They're sneaky. And stealthy. They're quiet and mostly unobtrusive, but once you've been visited by them, you'll know it. Because you'll be inundated with a seemingly never-ending stream of spam-mails.
They're email harvesting robots, and chances are you've been visited by one.
What these insidious creatures do is crawl your site, much like the search engine spiders do, and collect any and all email addresses they find there. Many of them crawl your entire site, following every link, gathering email addresses from your guestbook, your message boards, databases, and everywhere else they can get to.
What happens next is so sinister, so unthinkable; I can barely say it. They put your email addresses on CDRom and sell them- as opt-in lists. You've seen them, "20,000 targeted email addresses for only $29.95!", or my personal favorite, "Send 10 Bazillion emails- WITHOUT SPAMMING!!". What you didn't know was that it was YOUR email address they were selling.
To find out if your site has been visited by an email harvester, you only need to look at your logs. If your web host provides you with your stats, you can look in the Browser report for any of the following:
If you don't have a stats program, you can examine your logs for visits from these agents. The easiest way to do this is to download them and open them in a program with a search function (like Wordpad). Then you can search for the names listed above.

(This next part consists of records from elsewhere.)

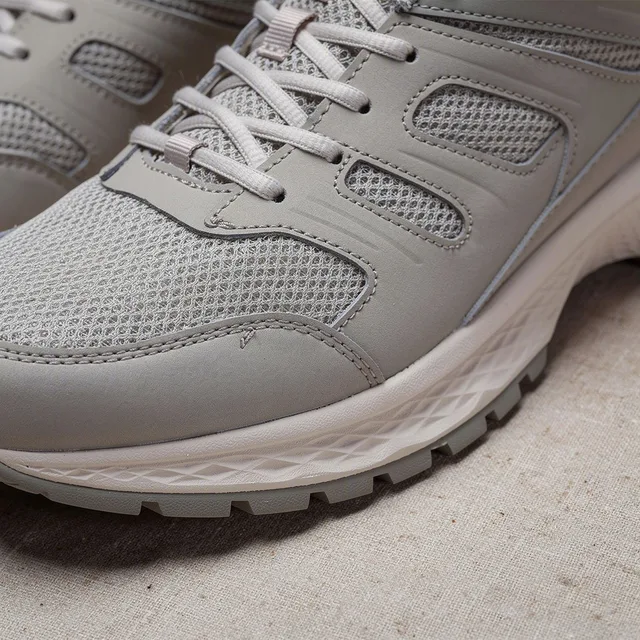 PacePyris TrailFlex Lace-Up Sneakers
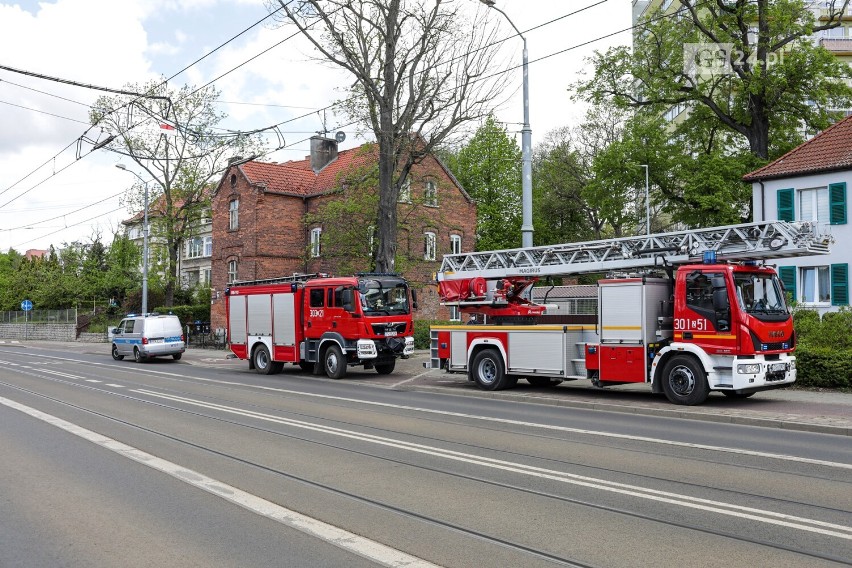 Przy ul. Arkońskiej w Szczecinie wybuchł gaz. Ranne są dwie osoby. ZDJĘCIA - 19.05.2021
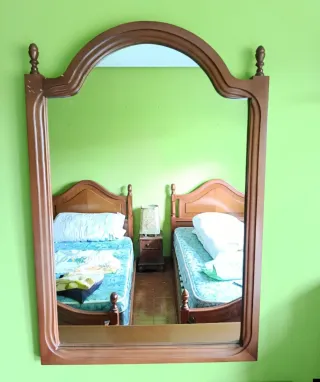 Cómoda clásica de madera con espejo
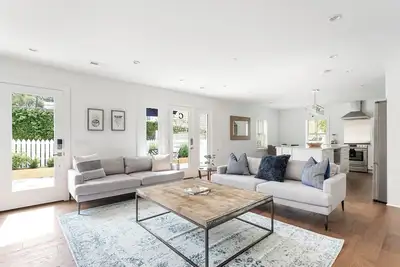 The Parthenon Suites | 2 Blocks to King St!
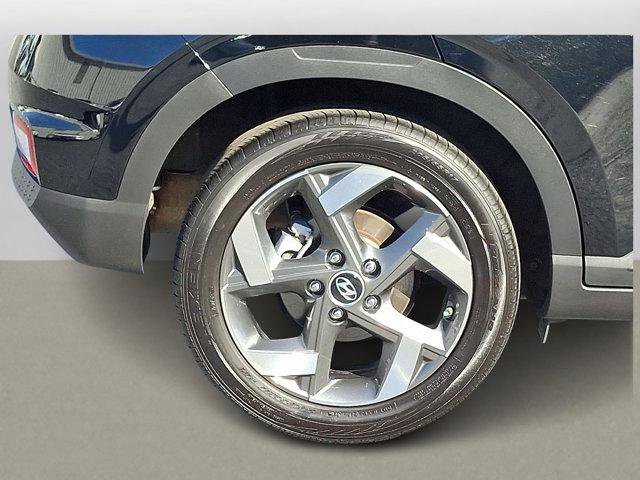 Certified 2024 Hyundai Venue SEL image 8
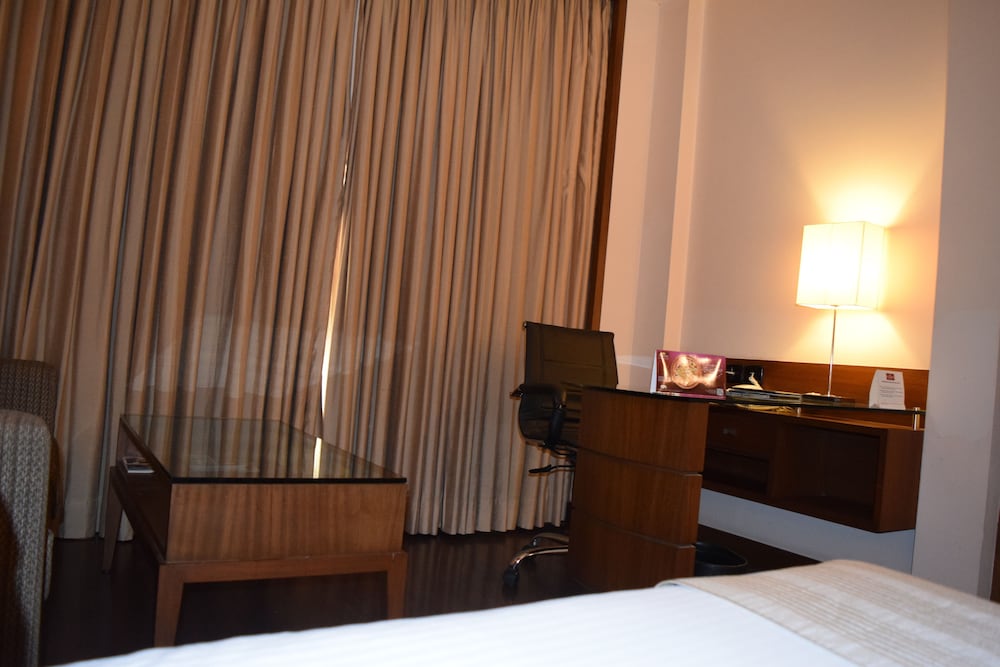 Фото The Bristol Hotel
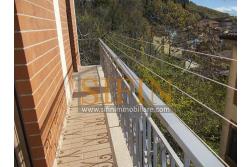 Palazzina con giardino - Carife, via Contardi, in posizione sovrastante e panoramica, proponiamo in vendita palazzina di compressivi mq. 240,00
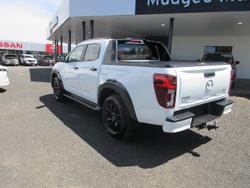 2025 Mazda BT-50 SP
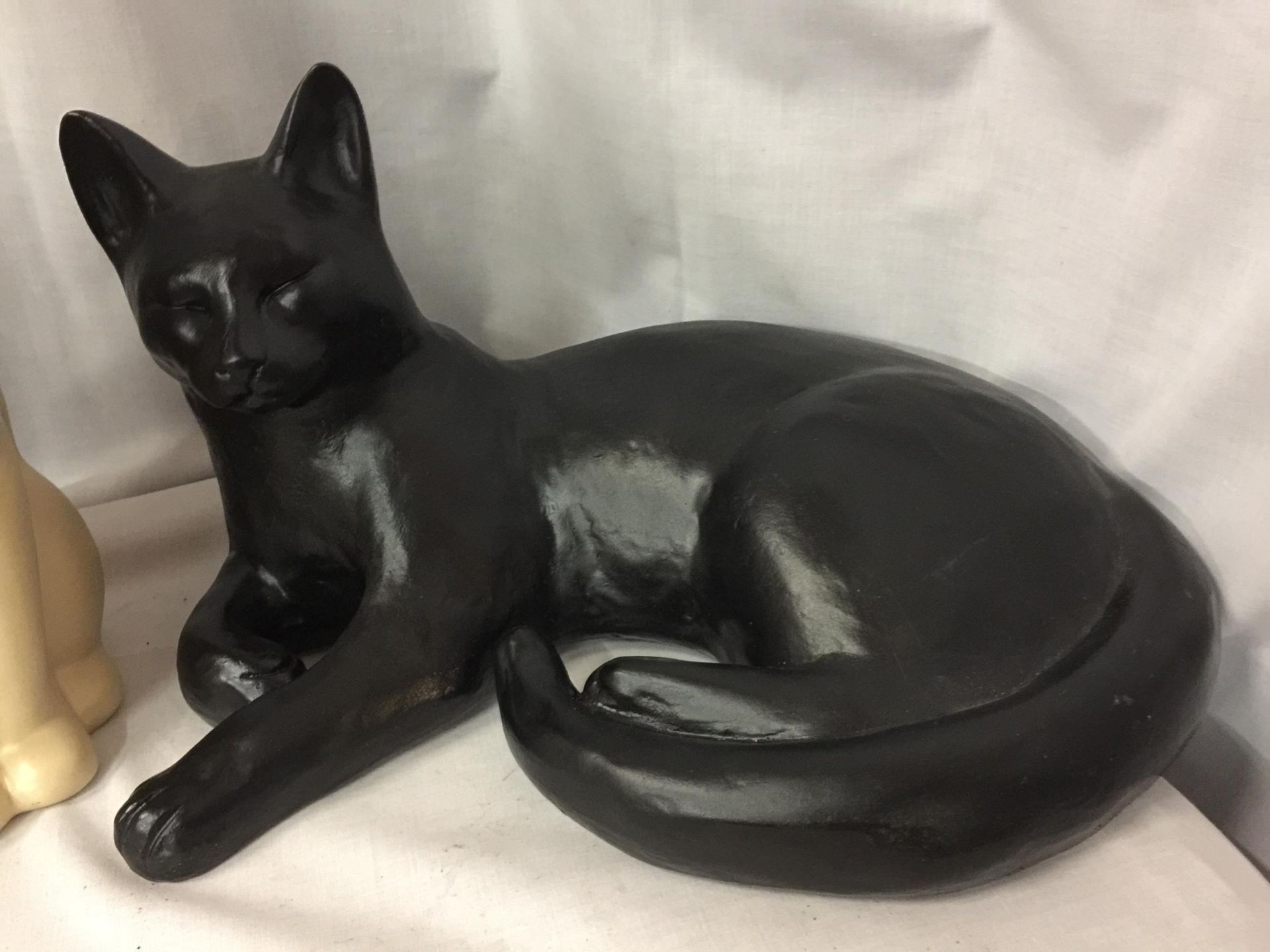 TWO LARGE CAT FIGURES, ONE BLACK, LYING DOWN, LENGTH 36CM, AND A CREAM ONE, HEIGHT 30CM - Image 3 of 3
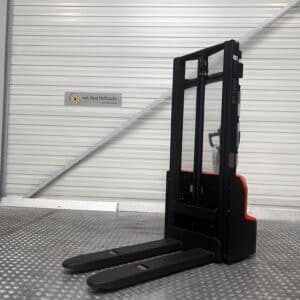 BT SHE100-2900 - Stacker Electric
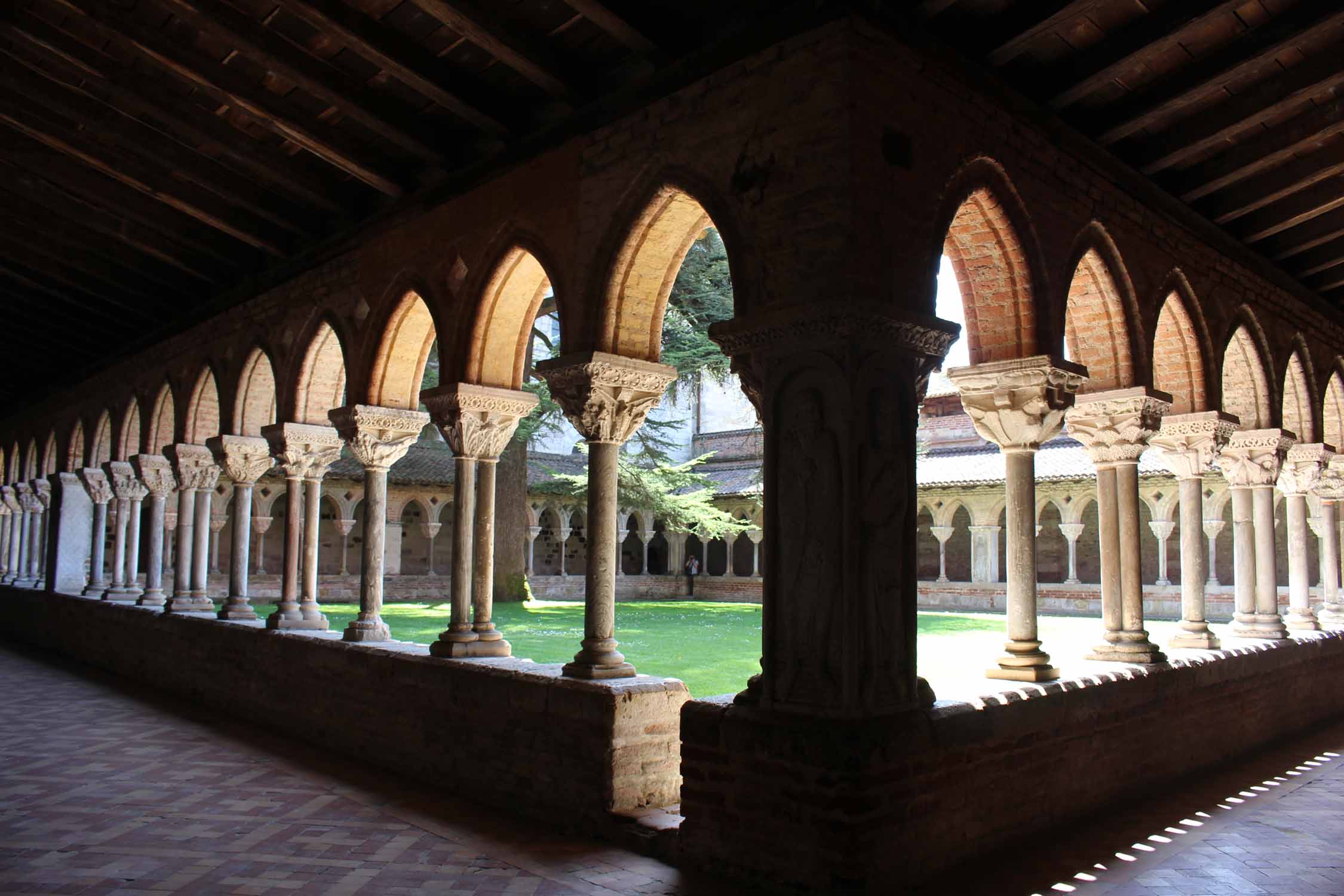 Moissac, abbaye Saint-Pierre, cloître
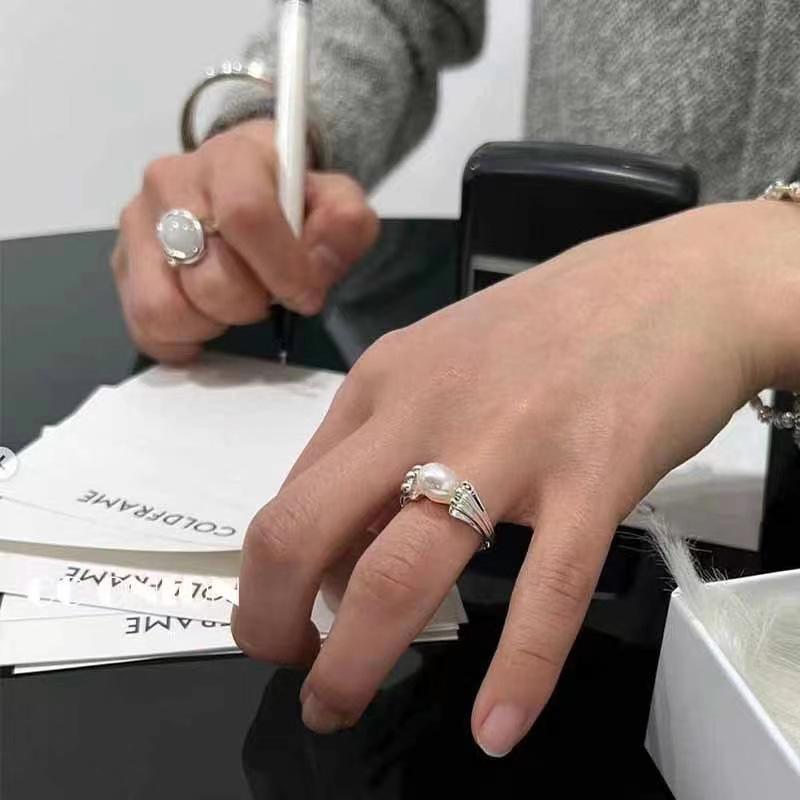 Schlichter, temperamentvoller Perlenring für Damen, Öffnungsnischendesign, leichter, luxuriöser, hochsensibler Zeigefingerring, verstellbar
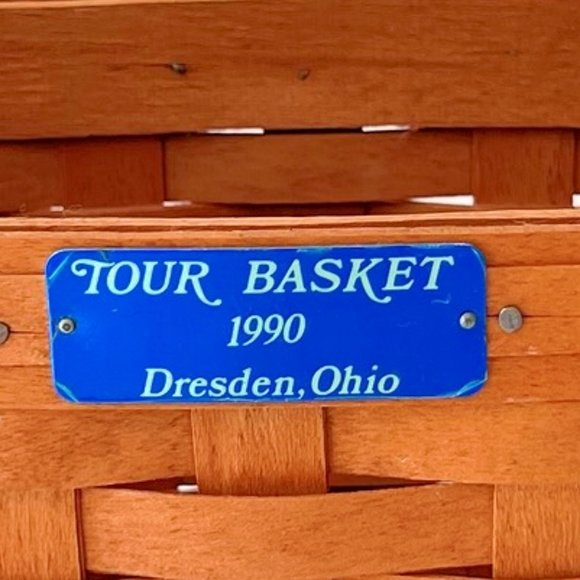 Longaberger Vintage Signed Limited Edition Basket, Rustic Farmhouse- 1990 - Picture 15 of 16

So, what can you do to protect your site from these evil robots? Unfortunately, there's no single magic solution. There are, however steps you can take to discourage them.
The first thing you can do is create a Robots Exclusion file. This is simply a text file named robots.txt that you place in your root directory. What this file does is tells robots where they can and cannot go (as well as which robots can and cannot visit your site). The drawback of using this file to combat email harvesting robots is that as a rule, the robots.txt file is based on a sort of robot honor system. That is to say that you are assuming that any robot that visits will ask for and comply with the directives that you put there. Unfortunately, harvesting robots are typically ill-mannered robots that ignore this file. For more information on Robot Exclusion, visit the Robots Exclusion Standard
A really fun solution is to use a cgi-script that punishes bad robots. What these do is to direct the robot to a page full of fake email addresses- lots and lots of them. So, what the spammer gets is a whole lot of bounced email messages, which will discourage them from visiting you again. The downside of this method is that they do also collect the valid email addresses. Also, most scripts of this type have a little disclaimer attached to them stating that they won't be held responsible for any legal issues that arise from the use of their script- and that has to make you wonder.
There are other scripts that hide your email address from the robots, but not your site visitors. This is a great solution for smaller sites that don't have more than one or two addresses listed. You can find both types of scripts at the CGI Resource Index
Another handy script is one that will check to see if a robot is friendly, and if not it will put it to sleep for say, 10,000 minutes. This will cause the robot to terminate the request and move on to another victim. $number = $ENV{REMOTE_ADDR};
($a,$b,$c,$d)=split(/./,$number);
$ipadr=pack("C4",$a,$b,$c,$d);
($name,$aliases,$addrtype,$length,
@addrs)=(gethostbyaddr("$ipadr", 2));
if ($name =~ /foo.com/i) {
$ENV{HTTP_USER_AGENT} =~ /emailsiphon/i;
$access_denied++;
sleep(10000);
}
The last option is, in my humble opinion, the best option. If you have the ability to modify your .htaccess file, you can specify certain host agents that are not allowed to visit your site using the mod_rewrite file. This effectively blocks the offending robots from ever touching your site. You should definitely check with your hosting provider to see whether or not you can make such a modification. Most hosts will be more than happy to make the modification for you.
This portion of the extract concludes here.